Friday, April 25, 2008

"Boredom will become its own reward and change suddenly to ecstasy."


{Photos by rocketlass.}

From "The Art of Travel" (1931), by Cyril Connolly, collected in The Selected Works of Cyril Connolly, Volume Two: The Two Natures (2005)
I should like to restore mobility to the place it deserves, to produce a book of photographs with the slenderest commentary, a book called "The Anonymous Voyage" that would exhibit the bones of travel, the simplest component elements, the boat, the train, the ferry, the street, the hotel.
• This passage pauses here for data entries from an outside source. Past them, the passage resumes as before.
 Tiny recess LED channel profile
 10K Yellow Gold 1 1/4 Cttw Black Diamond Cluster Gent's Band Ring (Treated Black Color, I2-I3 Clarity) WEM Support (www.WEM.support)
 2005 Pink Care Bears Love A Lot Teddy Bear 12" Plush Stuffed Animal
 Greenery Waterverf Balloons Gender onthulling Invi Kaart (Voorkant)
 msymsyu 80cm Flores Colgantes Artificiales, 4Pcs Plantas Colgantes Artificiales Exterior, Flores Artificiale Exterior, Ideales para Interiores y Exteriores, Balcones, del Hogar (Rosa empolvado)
There would be the quality of different countries; the incidents of movement; leaving at dawn, lunching on the train, arriving in the evening, walking round the town and dining by daylight; drinking alone.


Until I came across that passage, I hadn't thought about possible affinities between Cyril Connolly and Luc Sante--such as their shared fascination with the half-submerged influences of their youth, the seemingly limitless scope of their knowledge and curiosity, and their tendency toward self-deprecation--but Connolly's book of travel photos certainly seems like something that Sante would appreciate.



Alas, it doesn't exist, another of the legion of phantom books that could have been, condemned instead to haunt dreams and tug at imaginations, forever mislaid and mis-shelved in some alternate, richer universe, unseen and unshared.